For some people, they have signs and symptoms of asthma almost every day. When they run, they cough and get out of breath, while others around them may hear wheezing sound when they breathe. This can be on a daily basis, and they almost always get worse when they get sick with a cold. These are the ones who have the severe and persistent form of asthma.
For most individuals, they have milder form of asthma that they are not even aware of. When they are healthy, the can run without much difficulty, unless if they run very fast, or for a long time. Then, they can get out of breath and may cough. They often have few symptoms until they get sick, or if they are exposed to things that they are allergic to.
When they catch a virus, like the common-cold virus, or influenza virus, they can get quite sick with cough, much sicker than most average individuals.
In children, their cough can become quite croupy, with a barking sound. This is likely because children have smaller airways compared with adults. The virus infection causes swelling of the mucus membranes, further narrowing their airways and produce this barking cough that can be quite terrifying. They often have difficulty breathing as well, sucking in between their ribs and under the ribcage, as well as flaring of their nostrils. Their oxygen saturation can be decreased when they are examined at the emergency room. This respiratory distress can become an emergency very quickly.
Over the last few decades, many treatments have been tried to help these children with respiratory distress and croupy cough. If their oxygen level is low, they are given oxygen by mask or through a tubing with little prongs inside their nose. The most effective treatment is steroid. This may reduce inflammation and swelling in their airways, allowing oxygen to go into their lungs and reduce respiratory distress. As a result, their cough will become more loose and less croupy.
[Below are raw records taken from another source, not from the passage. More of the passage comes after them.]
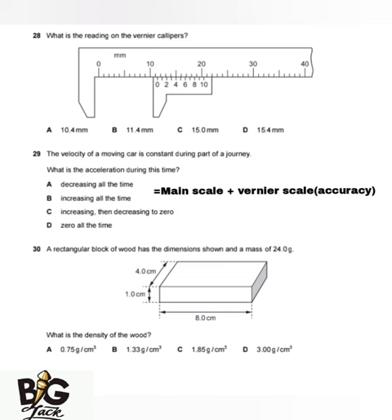Since we are talking about the Vernier calipers, you need to know the accuracy in different units. The accuracy of the Vernier calipers in centimeters is 0.01 cm. The accuracy in millimeters is 0.1 mm.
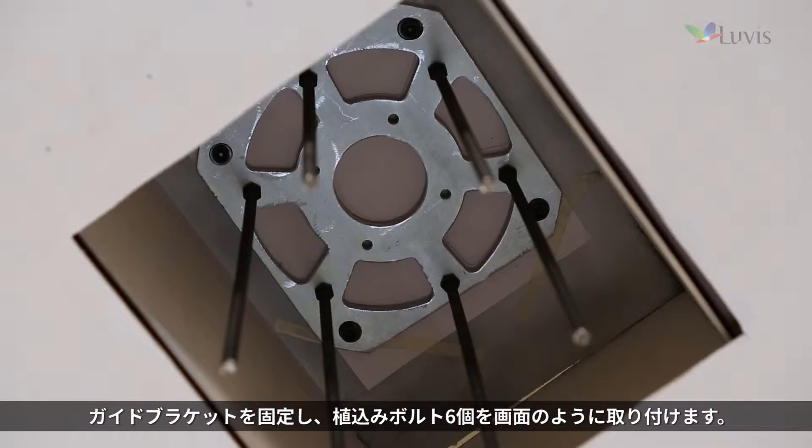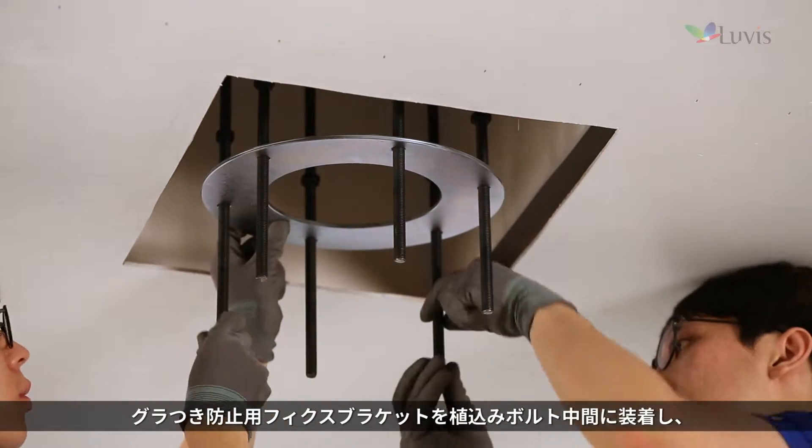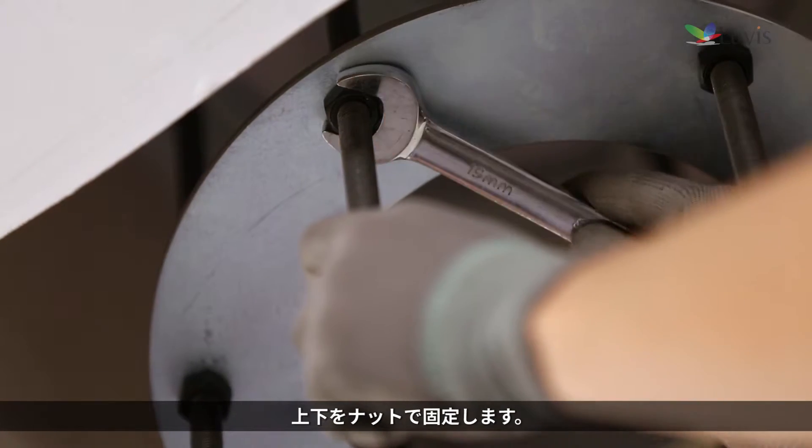Fix the guide bracket and install 6 stud bolts as seen on the screen. After installing the fixed bracket for preventing movement in the middle of the stud bolt, fix it with the up-down nut.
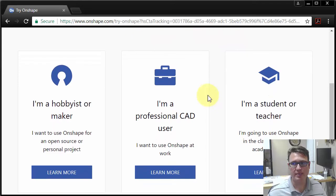There are three ways you can sign up. This is the hobbyist version, which is free, but everything's public. This is the professional version, which is not free, but it's private. And this is the student version — I've never tried that one, but I think there's some more privacy and it's also free.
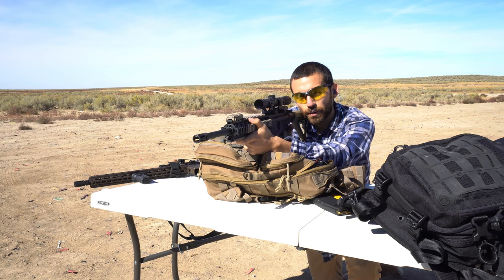Alright guys, here goes the first shot with the M&P 15-22. We're shooting that 36 grain hollow point, from about three times the distance that we were for the 9mm. Let's see what happens.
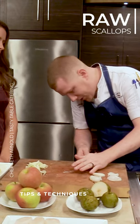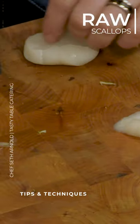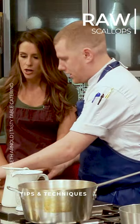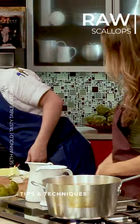I like to use my hand, press down on it gently, and then give it a nice fillet. A lot of people don't realize that you can eat scallops totally raw, but they're one of my favorite kinds of seafoods to eat raw. They're so sweet.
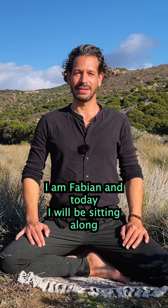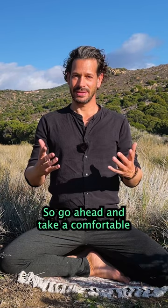Welcome friends to Zen with Fabian. I am Fabian and today I will be sitting along for 25 minutes in Zazen.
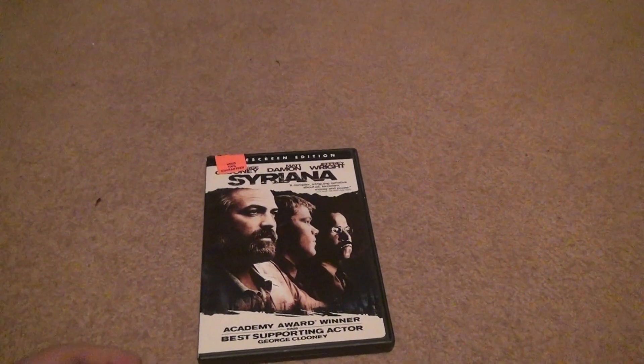This is Sirian — Siriana, whatever. That's George Clooney. Okay, let's open it up.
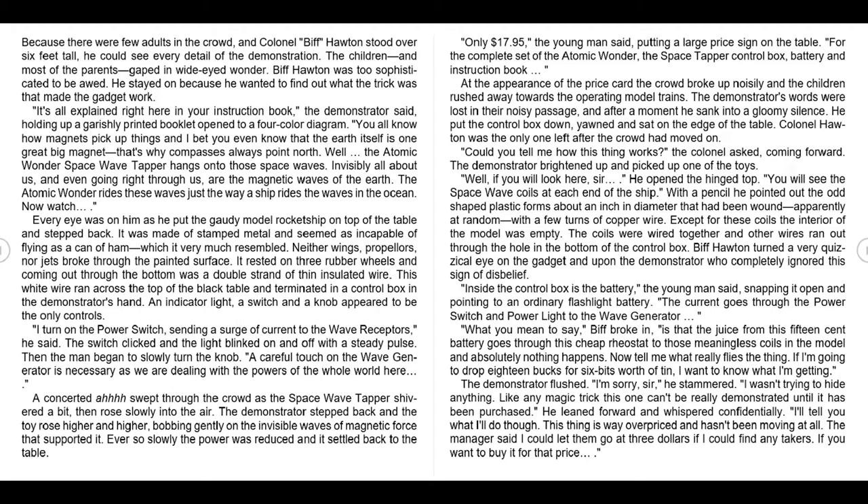'I turn on the power switch, sending a surge of current to the wave receptors,' he said. The switch clicked and the light blinked on and off with a steady pulse. Then the man began to slowly turn the knob. 'A careful touch on the wave generator is necessary as we are dealing with the powers of the whole world here.' A concerted awe swept through the crowd as the space wave tapper shivered a bit, then rose slowly into the air. The demonstrator stepped back and the toy rose higher and higher, bobbing gently on the invisible waves of magnetic force that supported it.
Other medications like bronchodilator (for example, salbutamol, also called ventolin) that can reduce airway narrowing, as well as inhaled steroid, have less obvious benefit when the cough is tight and croupy. However, once the worst part of croup has improved, inhaled bronchodilator and steroid can expedite recovery.
Fortunately, as children get older, it is less likely for them to have tight croupy cough when they get sick. Their cough can improve with inhaled bronchodilator and steroid. If they have the puffer form of inhalers, they will need to use a chamber to improve delivery of the medicine into their lungs. The powder form of inhalers don’t require a chamber and are easier to use.
Some children with recurrent croupy cough following virus infection can develop more obvious symptoms of asthma, with congestion, cough, and wheeze even in between colds. Lung function test can be done in those children who can cooperate and take deep breaths following instruction. I have done it many times; I have to say, it is not easy.
I would suggest that you monitor him for cough and congestion, and consult with your doctor if needed.